Funktion und Begriffsunterscheidungen
Risalite dienten in der historischen Architektur als Mittel zur Fassadengliederung, vor allem zur Verräumlichung der zumeist symmetrisch strukturierten Fassade durch das Vorziehen von Gebäudeteilen, ähnlich den weiter vortretenden Gebäudeflügeln oder dem Ausgliedern von Pavillons sowie dem Vorstellen eines Portikus mit Freisäulen.[3] Risalite sind oft mit einem Giebel (auch Frontispiz, Frontspieß) ausgezeichnet.
Man unterscheidet je nach der Lage des Risalits am Gebäude einen Mittelrisalit, einen außermittig positionierten Seitenrisalit und einen außen liegenden Eckrisalit.[4] Einen vom Hauptbaukörper stärker abgehobenen Eckrisalit mit besonderer Dachform nennt man auch Pavillon.[4]
Im Gegensatz zum vortretenden Risalit wird die „Rücklage“ der Fassadenfront als Arrierecorps (Arrière-corps, französisch arrière corps: „hinter dem Baukörper“) bezeichnet.
- Klassizistisches Universitätsgebäude mit Mittelrisalit (Aula der Georg-August-Universität Göttingen)
- Empfangsgebäude im Rundbogenstil mit Mittelrisalit (Bahnhof Gensungen)
- Dreiflügeliges Barockschloss mit fünf Mittelrisaliten (Schloss Charlottenburg)
- Barockes Galeriegebäude mit Mittelrisalit und Eckrisaliten (Galeriegebäude Herrenhausen)
- Klassizistische Villa mit Seitenrisaliten (Dresden, Parkstraße 3)
- Barockes Zeughaus mit Mittelrisalt sowie mehreren schwach vortretenden Seitenrisaliten (Zeughaus Berlin)
- Klassizistisches Schloss mit Mittelrisalit und Seitenflügeln (Schloss Neuhardenberg)
- Barockschloss mit Mittelrisalit und Eckpavillons (Schloss Werneck)
Geschichte
Risalite als Mittel zur Fassadengliederung sind in der mittelalterlichen Baukunst nur selten; ein Beispiel ist die um 1320/30 entstandene Nordfassade des Marburger Schlosses.[3] Risalite sind ein vor allem in der Architektur der Renaissance und des Barock (sowie des entsprechenden Historismus) verbreitetes Gestaltungsmerkmal.[4] Schon in der Antike gab es Risalite, wie z. B. am Pergamonaltar.
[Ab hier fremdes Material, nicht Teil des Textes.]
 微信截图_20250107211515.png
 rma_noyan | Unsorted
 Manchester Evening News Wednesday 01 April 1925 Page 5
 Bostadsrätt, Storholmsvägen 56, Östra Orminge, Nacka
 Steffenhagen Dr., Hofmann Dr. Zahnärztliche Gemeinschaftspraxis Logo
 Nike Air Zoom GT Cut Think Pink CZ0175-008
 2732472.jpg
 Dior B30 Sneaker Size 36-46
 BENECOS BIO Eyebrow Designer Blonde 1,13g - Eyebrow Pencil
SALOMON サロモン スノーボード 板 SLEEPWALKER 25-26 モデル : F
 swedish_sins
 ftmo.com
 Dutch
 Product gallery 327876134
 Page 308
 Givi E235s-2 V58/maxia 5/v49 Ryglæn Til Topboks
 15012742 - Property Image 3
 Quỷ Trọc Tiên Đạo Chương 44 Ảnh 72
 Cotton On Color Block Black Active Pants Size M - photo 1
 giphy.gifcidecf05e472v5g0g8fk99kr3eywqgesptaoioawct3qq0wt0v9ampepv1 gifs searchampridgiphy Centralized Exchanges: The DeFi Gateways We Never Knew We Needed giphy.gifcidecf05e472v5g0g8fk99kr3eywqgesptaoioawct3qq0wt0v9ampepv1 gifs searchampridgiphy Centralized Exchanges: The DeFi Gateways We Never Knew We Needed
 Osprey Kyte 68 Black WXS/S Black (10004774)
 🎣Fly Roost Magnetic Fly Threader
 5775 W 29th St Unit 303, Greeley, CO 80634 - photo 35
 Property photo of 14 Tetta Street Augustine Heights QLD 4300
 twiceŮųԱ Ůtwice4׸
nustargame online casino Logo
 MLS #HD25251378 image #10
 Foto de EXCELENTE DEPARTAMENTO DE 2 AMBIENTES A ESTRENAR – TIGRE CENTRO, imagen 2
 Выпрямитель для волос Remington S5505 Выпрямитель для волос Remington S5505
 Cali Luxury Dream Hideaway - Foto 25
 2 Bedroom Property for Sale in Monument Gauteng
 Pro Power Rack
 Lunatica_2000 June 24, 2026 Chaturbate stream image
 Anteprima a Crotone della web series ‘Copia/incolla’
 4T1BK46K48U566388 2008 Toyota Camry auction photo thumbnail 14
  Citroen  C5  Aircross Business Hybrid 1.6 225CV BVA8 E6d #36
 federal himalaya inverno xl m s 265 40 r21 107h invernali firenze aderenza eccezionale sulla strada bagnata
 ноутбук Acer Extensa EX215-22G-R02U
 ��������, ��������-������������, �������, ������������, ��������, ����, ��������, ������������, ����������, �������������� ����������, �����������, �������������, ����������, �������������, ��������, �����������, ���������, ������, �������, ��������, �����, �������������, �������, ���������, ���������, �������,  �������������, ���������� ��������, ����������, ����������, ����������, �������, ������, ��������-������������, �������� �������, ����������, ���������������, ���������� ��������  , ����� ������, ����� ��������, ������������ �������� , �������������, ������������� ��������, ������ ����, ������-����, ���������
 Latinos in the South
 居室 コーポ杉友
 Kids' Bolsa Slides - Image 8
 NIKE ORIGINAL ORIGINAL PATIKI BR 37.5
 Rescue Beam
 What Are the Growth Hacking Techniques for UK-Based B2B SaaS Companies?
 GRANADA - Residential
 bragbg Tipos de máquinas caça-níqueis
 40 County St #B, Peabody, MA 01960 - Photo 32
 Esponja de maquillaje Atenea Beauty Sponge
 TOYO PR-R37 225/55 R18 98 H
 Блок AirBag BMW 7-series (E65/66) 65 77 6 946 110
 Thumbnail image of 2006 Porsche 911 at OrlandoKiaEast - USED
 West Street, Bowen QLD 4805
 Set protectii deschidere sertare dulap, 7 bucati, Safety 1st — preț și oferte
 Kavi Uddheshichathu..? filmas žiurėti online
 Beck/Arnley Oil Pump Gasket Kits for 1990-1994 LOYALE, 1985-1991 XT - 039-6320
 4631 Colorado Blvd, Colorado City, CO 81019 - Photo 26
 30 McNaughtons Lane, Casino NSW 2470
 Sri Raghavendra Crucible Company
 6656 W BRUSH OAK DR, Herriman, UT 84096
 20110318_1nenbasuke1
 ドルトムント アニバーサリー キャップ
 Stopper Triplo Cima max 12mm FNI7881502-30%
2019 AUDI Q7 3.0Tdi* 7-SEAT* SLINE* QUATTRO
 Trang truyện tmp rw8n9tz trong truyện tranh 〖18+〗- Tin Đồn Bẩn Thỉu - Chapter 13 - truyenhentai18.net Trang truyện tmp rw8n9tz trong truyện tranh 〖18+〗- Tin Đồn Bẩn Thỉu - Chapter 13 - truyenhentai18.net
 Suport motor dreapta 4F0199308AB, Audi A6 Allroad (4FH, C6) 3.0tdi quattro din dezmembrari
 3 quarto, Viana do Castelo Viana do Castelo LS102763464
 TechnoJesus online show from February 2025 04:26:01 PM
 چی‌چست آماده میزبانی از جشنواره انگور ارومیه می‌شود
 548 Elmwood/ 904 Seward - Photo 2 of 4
Historische Beschreibungen
In Zedlers Grossem vollständigen Universal-Lexicon Aller Wissenschafften und Künste (Bd. 50, 1747) wird der Zweck von einem „Vorsprung (Riselita)“ als Fassadengliederung mit einem Gesims verglichen und so begründet: „Wie man denn einen dergleichen Vorsprung an den Häusern anzubringen pflegt. Denn weil unsere Augen einer Sache gar leicht überdrüßig werden; muß man auf allerhand Veränderungen und Zierrathen bedacht seyn. Damit nun also dergleichen Veränderungen desto besser in die Augen fallen, pfleget man diejenigen Theile des Hauses, wo sie am meisten angebracht sind, vor den andern etwas heraus zurücken.“[5]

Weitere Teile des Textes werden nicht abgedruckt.